*What needs to be done*
Beginning with the line that includes "this 216×300 image." and ending with the last line, print the records exactly, leaving every picture out.

Data extract below:

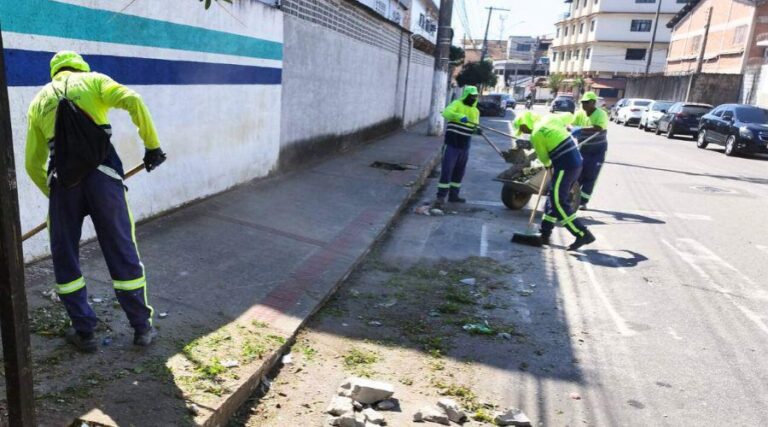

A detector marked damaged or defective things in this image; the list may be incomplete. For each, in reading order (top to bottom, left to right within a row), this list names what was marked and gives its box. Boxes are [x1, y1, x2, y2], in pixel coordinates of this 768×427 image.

broken concrete chunk [350, 378, 396, 404]
broken concrete chunk [328, 396, 356, 416]
broken concrete chunk [360, 408, 384, 424]
broken concrete chunk [414, 406, 450, 426]
broken concrete chunk [438, 398, 468, 424]
broken concrete chunk [496, 410, 532, 426]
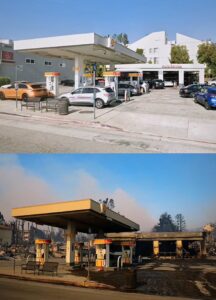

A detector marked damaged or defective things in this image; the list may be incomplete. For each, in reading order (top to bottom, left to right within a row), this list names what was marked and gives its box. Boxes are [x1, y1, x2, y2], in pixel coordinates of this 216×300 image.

burned gas station [11, 199, 208, 270]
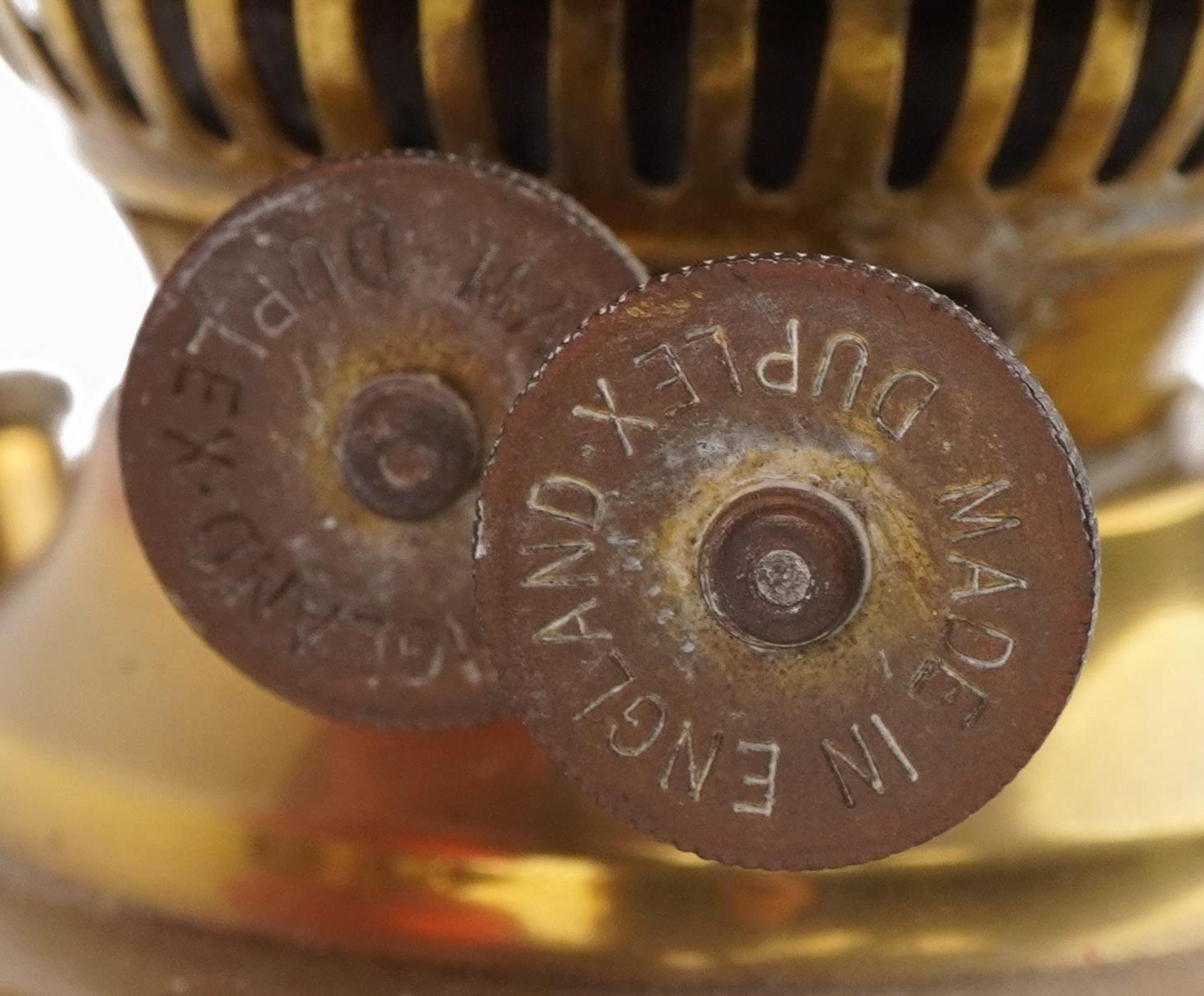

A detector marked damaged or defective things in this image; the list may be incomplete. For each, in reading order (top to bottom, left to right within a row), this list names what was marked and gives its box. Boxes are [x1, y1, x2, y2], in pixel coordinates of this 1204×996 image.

rust patch on metal [120, 151, 645, 727]
rust patch on metal [474, 255, 1098, 872]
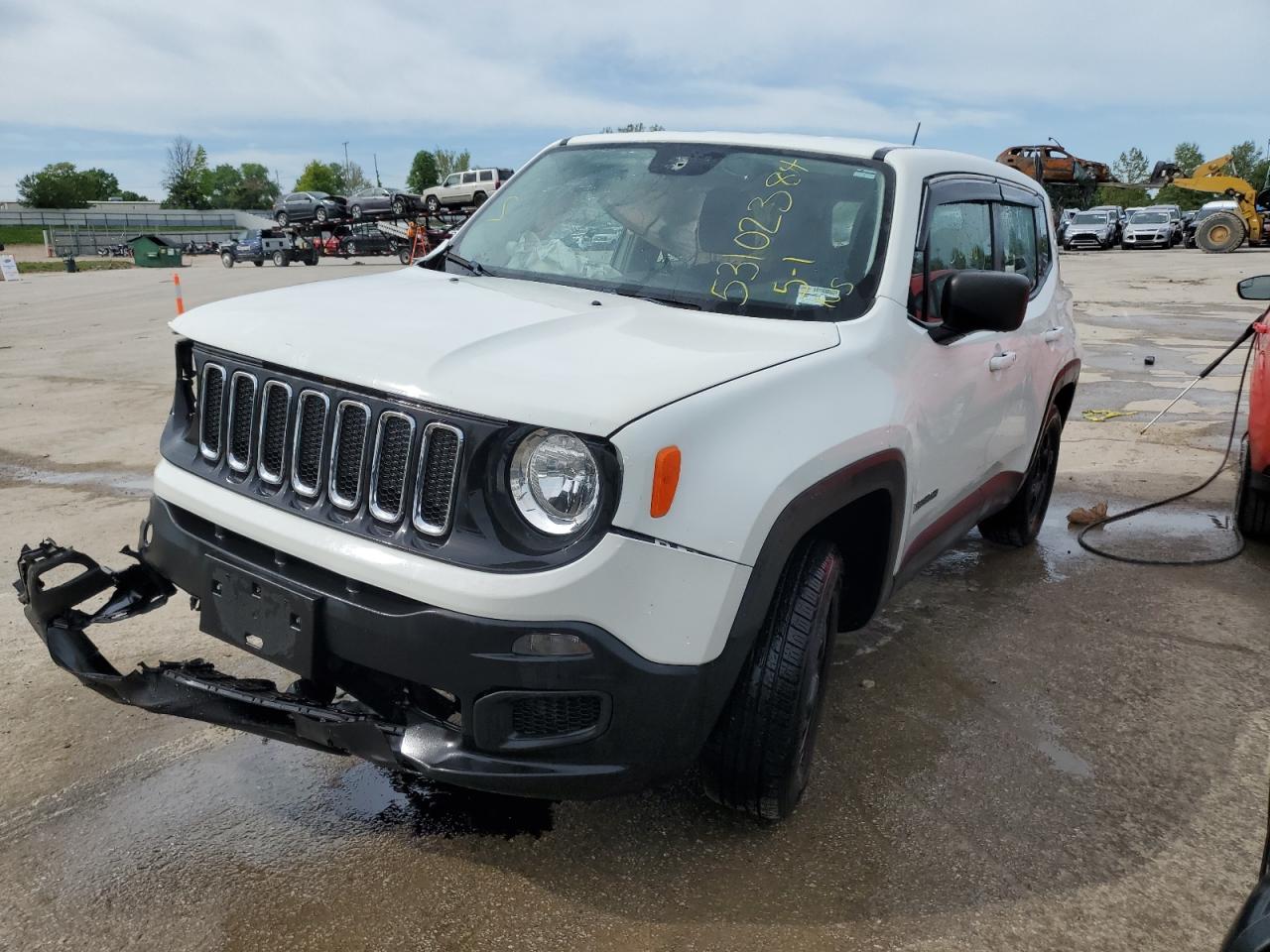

End of Data extract.

*Exercise result*
A detector marked damaged or defective things in this image; the list may be incomplete. For each, in reading order (top to bottom, left to right within a row), this list names what was marked and gives its box. Boxes are [x1, y1, x2, y2], in pixel coordinates of this 216×300 image.

burned gas station [11, 199, 208, 270]

A detector marked damaged or defective things in this image; the list may be incomplete. For each, in reading order (top to bottom, left to right within a row), this list names what was marked and gives its box. Boxes are [x1, y1, x2, y2], in pixel coordinates of this 1204×996 image.

rust patch on metal [120, 151, 645, 727]
rust patch on metal [474, 255, 1098, 872]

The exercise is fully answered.